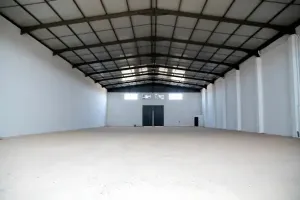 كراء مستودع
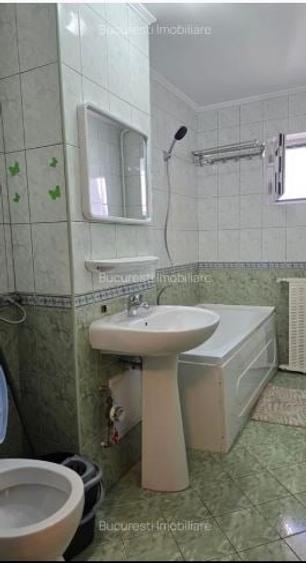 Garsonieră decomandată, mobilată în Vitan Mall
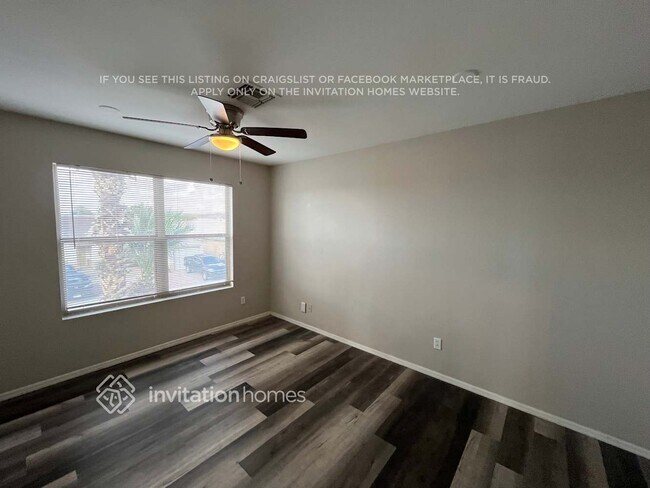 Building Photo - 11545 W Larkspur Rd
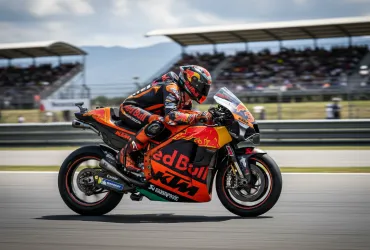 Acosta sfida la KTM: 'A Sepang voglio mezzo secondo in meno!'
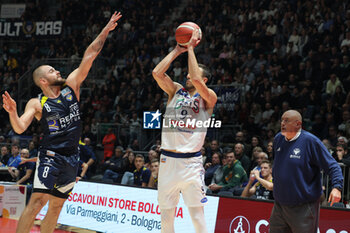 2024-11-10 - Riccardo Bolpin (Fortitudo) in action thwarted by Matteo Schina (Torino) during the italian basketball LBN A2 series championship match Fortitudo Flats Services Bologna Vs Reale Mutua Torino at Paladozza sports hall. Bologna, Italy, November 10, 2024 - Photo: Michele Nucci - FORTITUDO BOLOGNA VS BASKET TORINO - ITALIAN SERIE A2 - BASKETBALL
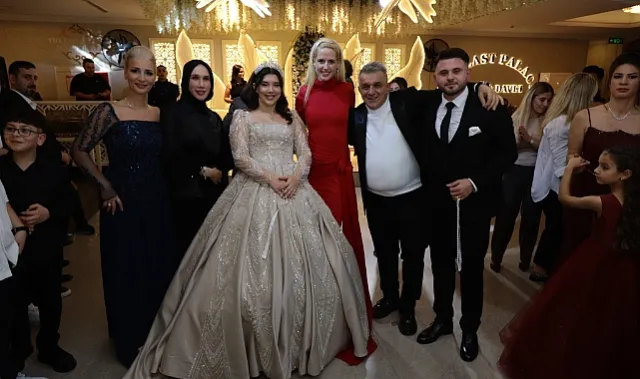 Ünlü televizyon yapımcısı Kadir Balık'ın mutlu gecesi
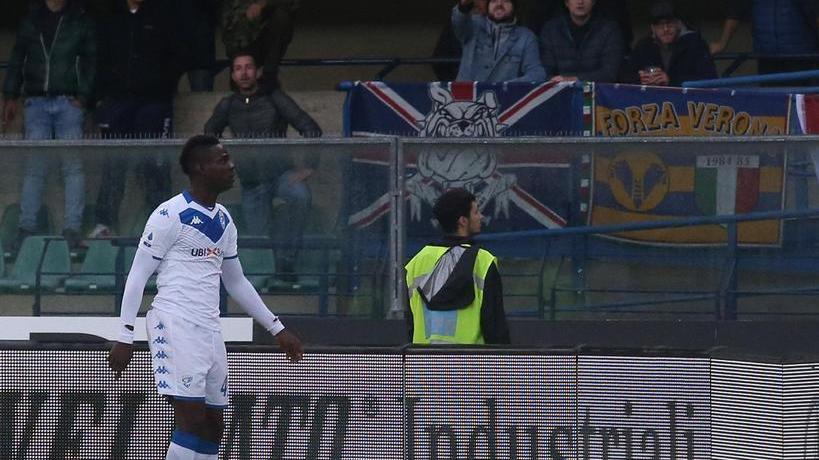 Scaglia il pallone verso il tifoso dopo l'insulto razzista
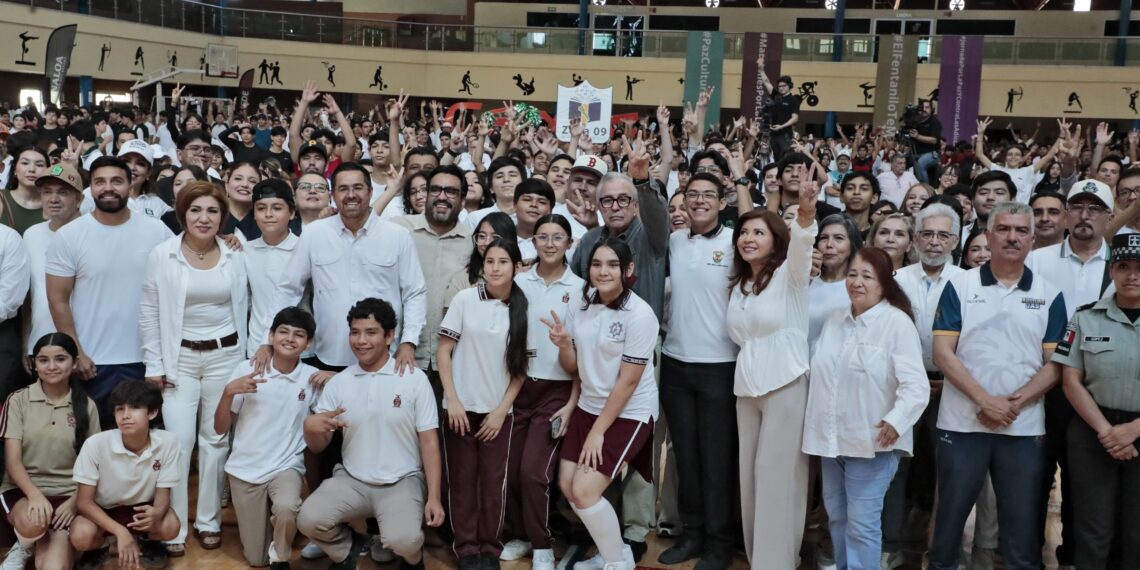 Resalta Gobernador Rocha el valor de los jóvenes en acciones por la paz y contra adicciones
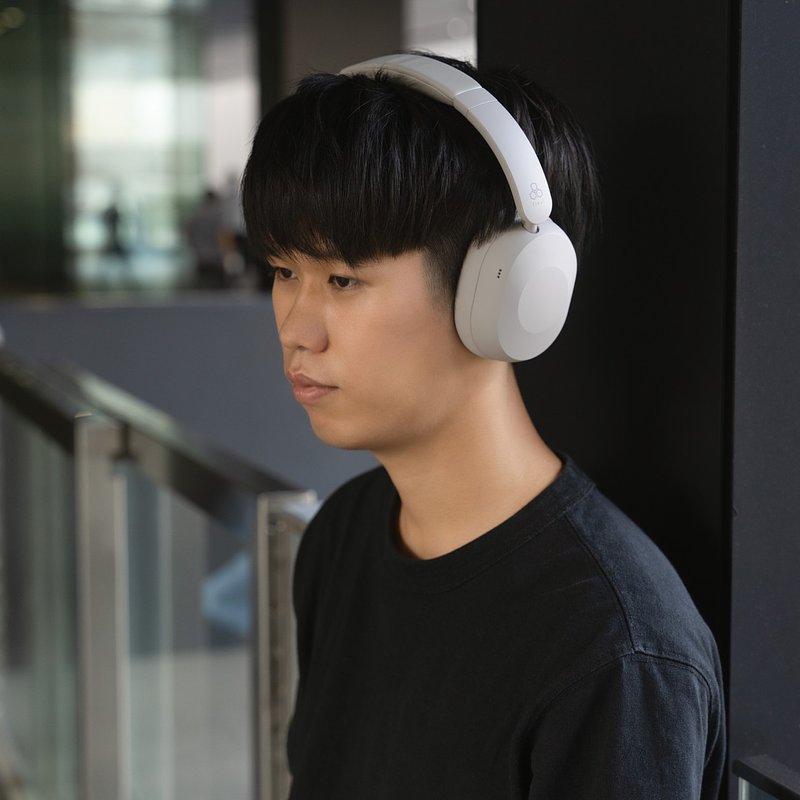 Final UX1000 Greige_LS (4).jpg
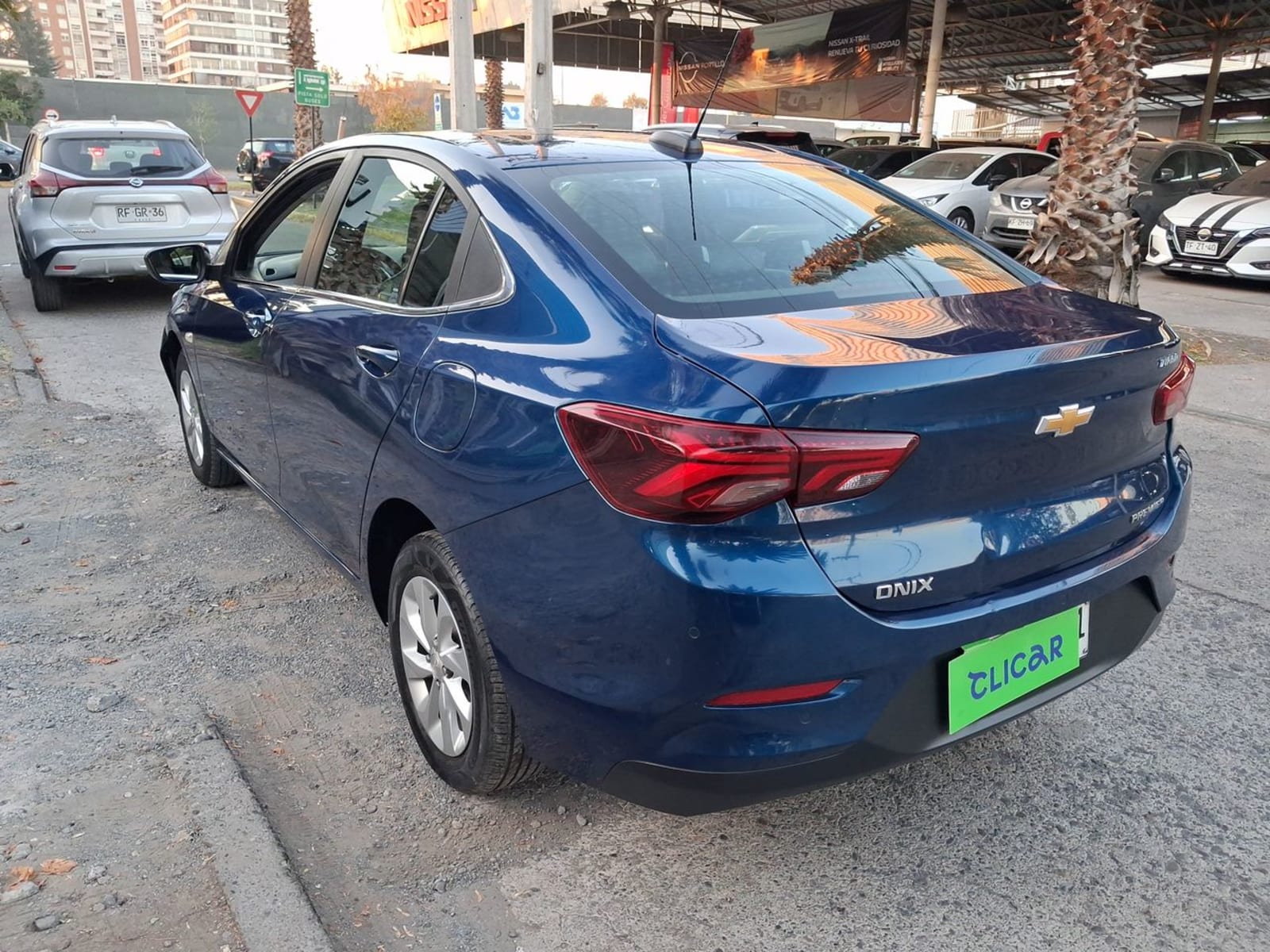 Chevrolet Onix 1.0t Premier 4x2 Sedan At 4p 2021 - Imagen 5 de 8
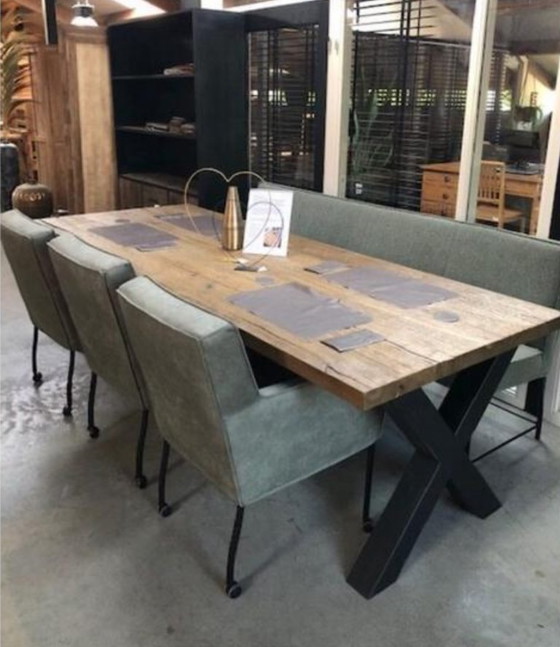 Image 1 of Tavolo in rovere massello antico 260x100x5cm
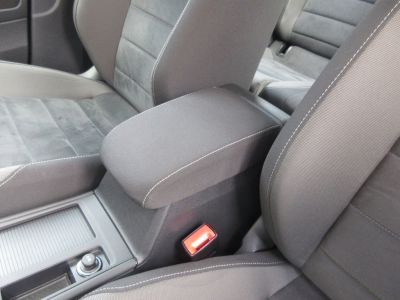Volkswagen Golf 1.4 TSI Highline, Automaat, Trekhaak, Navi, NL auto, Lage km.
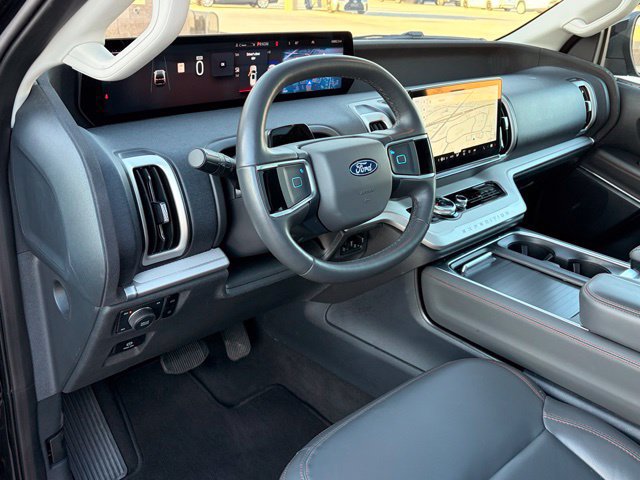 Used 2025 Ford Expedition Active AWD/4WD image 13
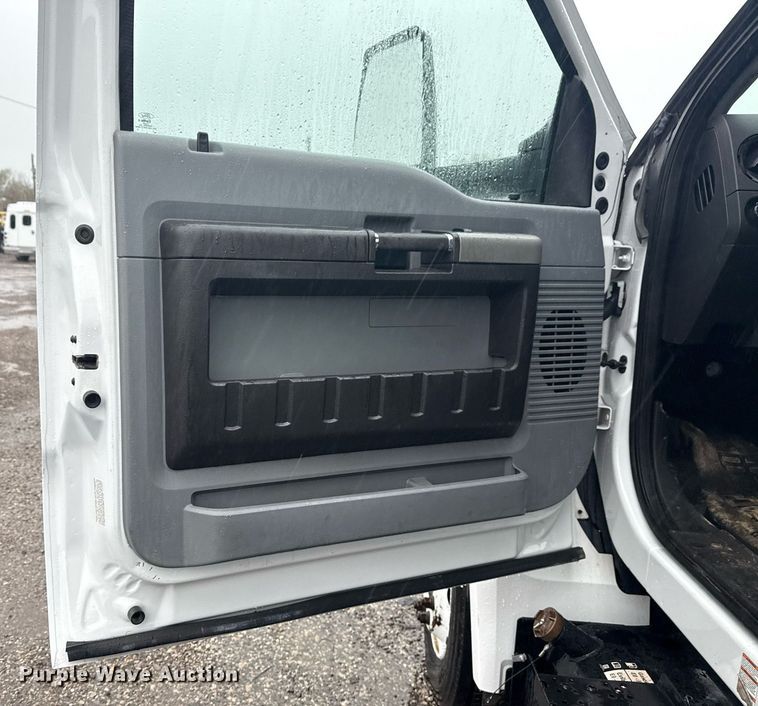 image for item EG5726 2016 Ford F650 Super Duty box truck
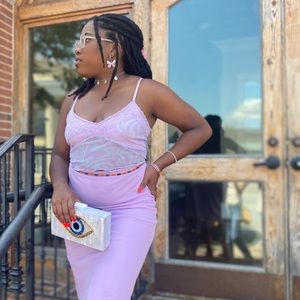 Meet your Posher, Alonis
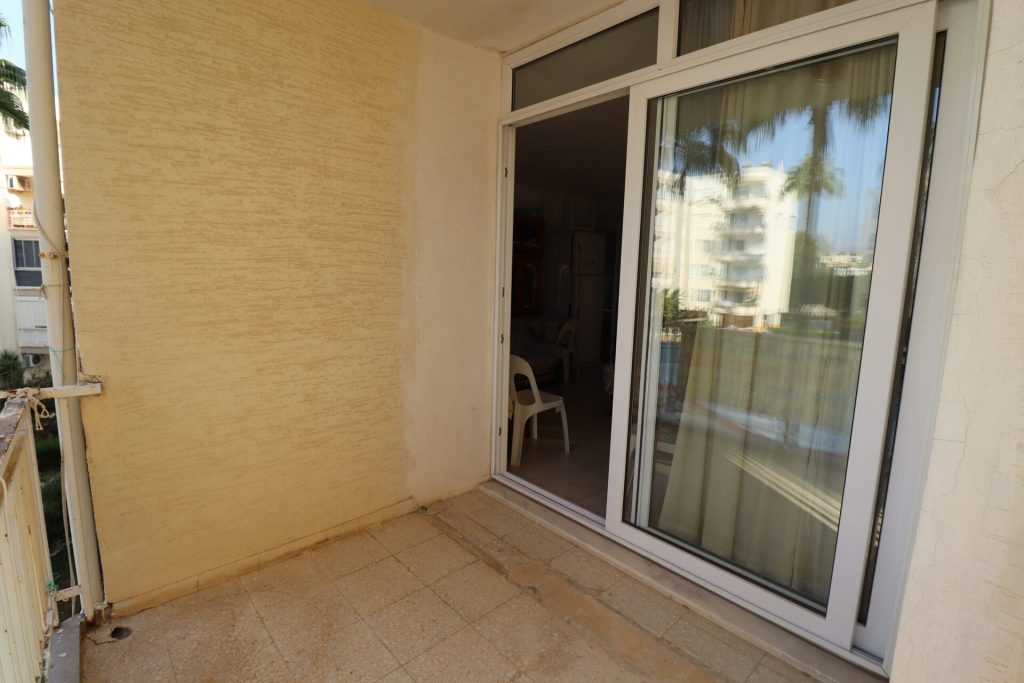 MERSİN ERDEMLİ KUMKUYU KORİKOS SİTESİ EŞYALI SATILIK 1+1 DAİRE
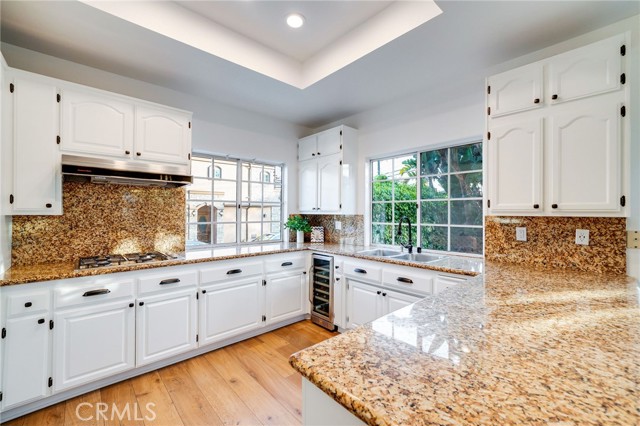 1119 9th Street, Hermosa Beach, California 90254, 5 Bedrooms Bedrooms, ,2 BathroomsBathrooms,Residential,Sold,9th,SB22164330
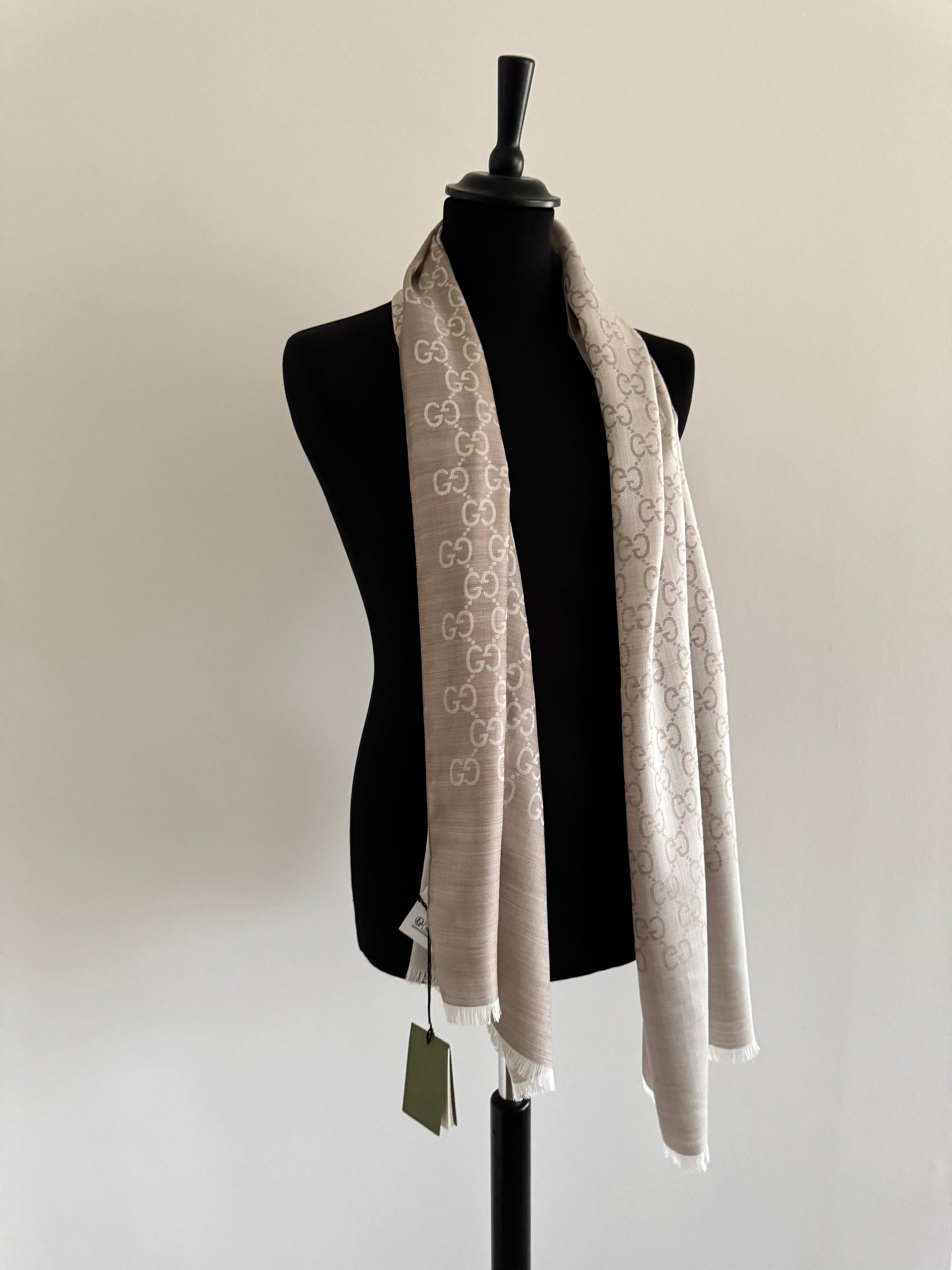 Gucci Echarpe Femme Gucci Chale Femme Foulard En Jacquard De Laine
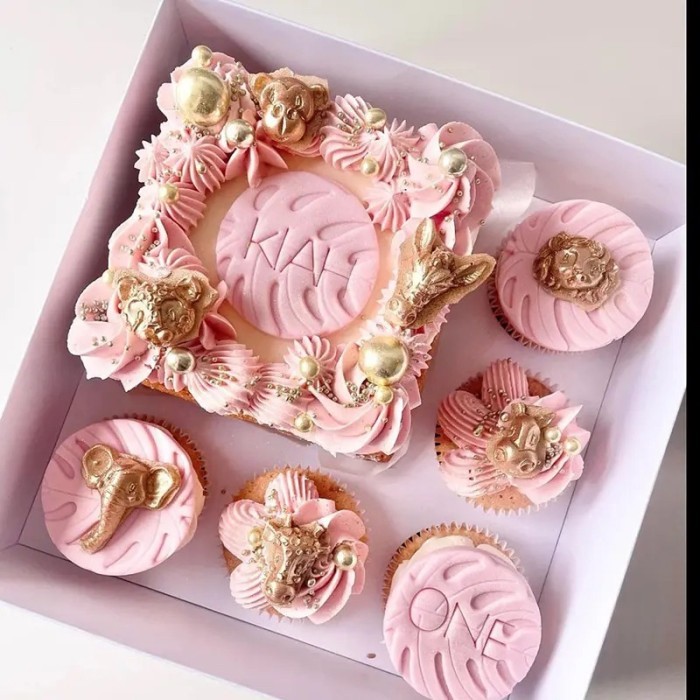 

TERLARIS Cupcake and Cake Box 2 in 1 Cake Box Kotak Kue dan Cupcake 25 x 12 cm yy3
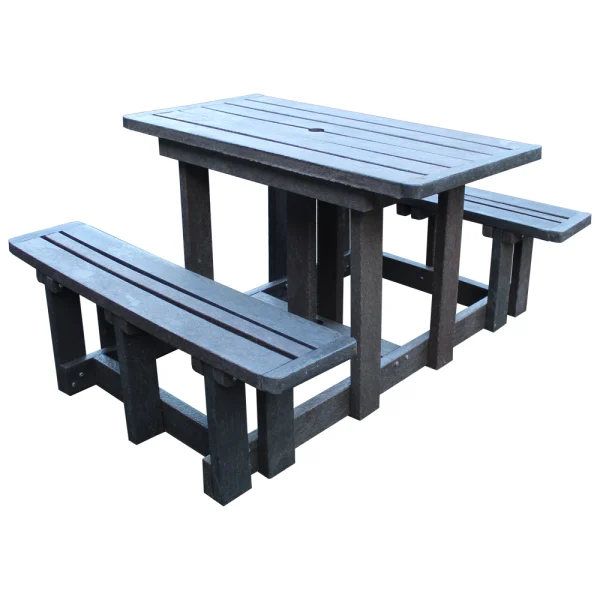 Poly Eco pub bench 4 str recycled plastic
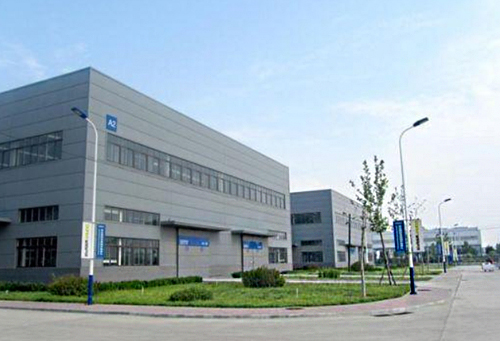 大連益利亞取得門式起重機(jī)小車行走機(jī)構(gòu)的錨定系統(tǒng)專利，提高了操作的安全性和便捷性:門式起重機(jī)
• • • • • • •
* _DESCRIPTION OF THE TASK_: Copy exactly the lines from the line that holds "TERLARIS Cupcake and" to the end of the listing, both included. Leave the pictures out.

* _ANSWER BOX_:
TERLARIS Cupcake and Cake Box 2 in 1 Cake Box Kotak Kue dan Cupcake 25 x 12 cm yy3
 Poly Eco pub bench 4 str recycled plastic
 大連益利亞取得門式起重機(jī)小車行走機(jī)構(gòu)的錨定系統(tǒng)專利，提高了操作的安全性和便捷性:門式起重機(jī)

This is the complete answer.